新たな視点から人間心理を読み解く
ビジネスの現場におけるコミュニケーションや意思決定は時に困難を伴います。意見がすれ違ったり、行動に移せなかったりする理由は、性格だけではないことが多いです。フォレスト出版が新たに発表した書籍『すぐに使えるビジネス教養心理学』では、心理学の知識を6つの視点から立体的に捉え、ビジネスシーンで直面する現実問題に即した解決策を提供しています。
なぜ思い通りに人は動かないのか
同じ言葉を聞いても、各人には受け取り方の違いがあります。正しいとは思えることを伝えても、相手が納得しないことがあります。
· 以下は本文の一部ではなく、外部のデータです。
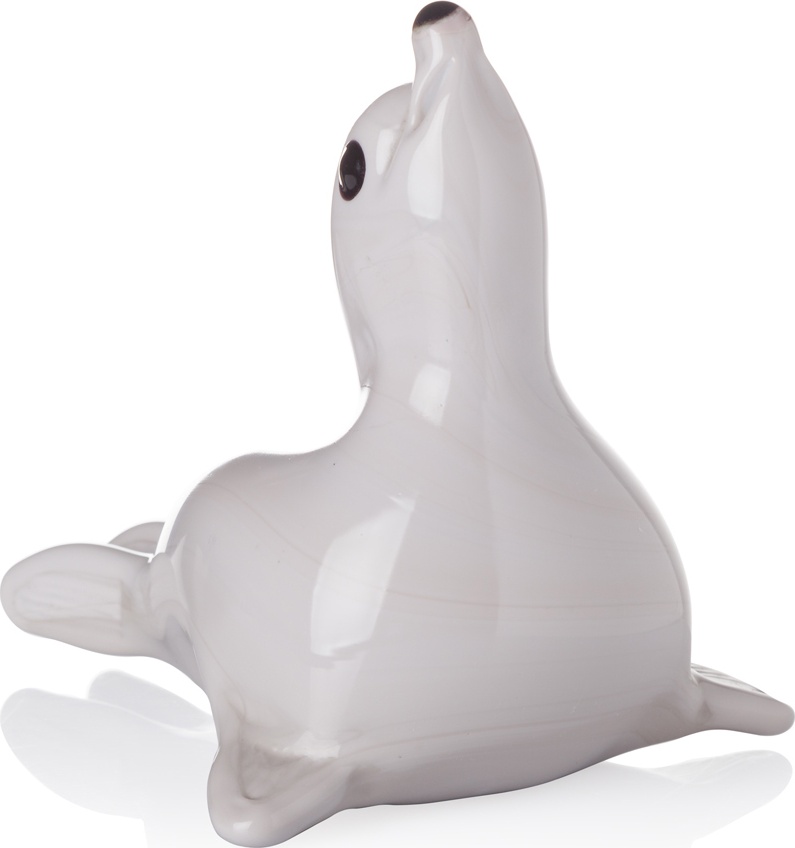 10630438 Duccio di Segna Набор из 2 фигурок 19 и 18см Duccio di Segna "Тюлени" (серый) Хрусталь Santreyd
場合によっては、自分自身が行動できずに苦しむことも多々あります。これは、ビジネスパーソンに共通する悩みです。
実は、私たちが心の働きを理解するためには、個々の性格や意志が全てではなく、過去の経験による見方の癖や、相手との関係性、環境、そして組織の文化など、多様な要素が影響しています。本書はその複雑な心理を分かりやすく解説し、特に次のビジネススキル向上に役立つ内容を網羅しています。
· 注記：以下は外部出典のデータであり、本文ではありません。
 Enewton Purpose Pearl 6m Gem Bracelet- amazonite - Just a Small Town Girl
- - 対人関係:人とのコミュニケーションを円滑にするための技術
- - 意思決定:理論的かつ感情に訴える決断方法
- - 交渉:利益を最大化するための交渉力
- - マネジメント:チームを効率的に導く指導力
6つの視点での心理学
『すぐに使えるビジネス教養心理学』では、心理学を以下の6つのテーマから再構成しています。
1.
言語:言葉使いが生む誤解やスムーズなコミュニケーションの技
2.
活動:行動の背景にある心理と動機
3.
知:認識過程における思考のメカニズム
4.
環境:時間や空間がもたらす心理的影響
5.
情動:感情が行動にもたらす重要な要素
6.
文化:組織や社会が個人の性格に与える影響
各章は、ビジネスシーンでの具体的なケーススタディを通して、現代心理学の重要な概念を紹介。スキーマ、ナッジ、成長マインドセット、アフォーダンス、セルフコンパッション、心理的安全性、レジリエンスなどを利用して、即実践が可能な方法を提案しています。
人を変える前に「人の見方」を変える
本書では、人を理解する際に、彼らの性格だけを判断基準としません。部下が動かないのは本当にやる気がないからでしょうか?会議で意見が出ないのは積極性の不足からでしょうか?登場人物が問題を抱えている場合、それを入れ替えたからといって解決にはなりません。ここで必要とされるのは心理学的視点の活用です。言葉の使い方や仕事の仕組み、人間関係、環境、文化を理解することで、困難な状況を打破する手法が見えてきます。
この視点を持つことで、マネジメントのクオリティを向上させ、チームの生産性を高め、自己の意思決定の精度を高めることが可能になります。ビジネスパーソンにとっては、日々実践可能な心理学的手法が詰まった本書です。
書籍詳細
- - 書籍名:すぐに使えるビジネス教養心理学
- - 監修者:匠 英一
- - ページ数:160ページ
- - 価格:1,870円(税込)
- - 出版社:フォレスト出版
- - 発売日:2026年7月9日(順次)
- - ISBN:978-4-86680-373-9
この新しい視点からくる心理学は、これからのビジネスシーンで活用されることでしょう。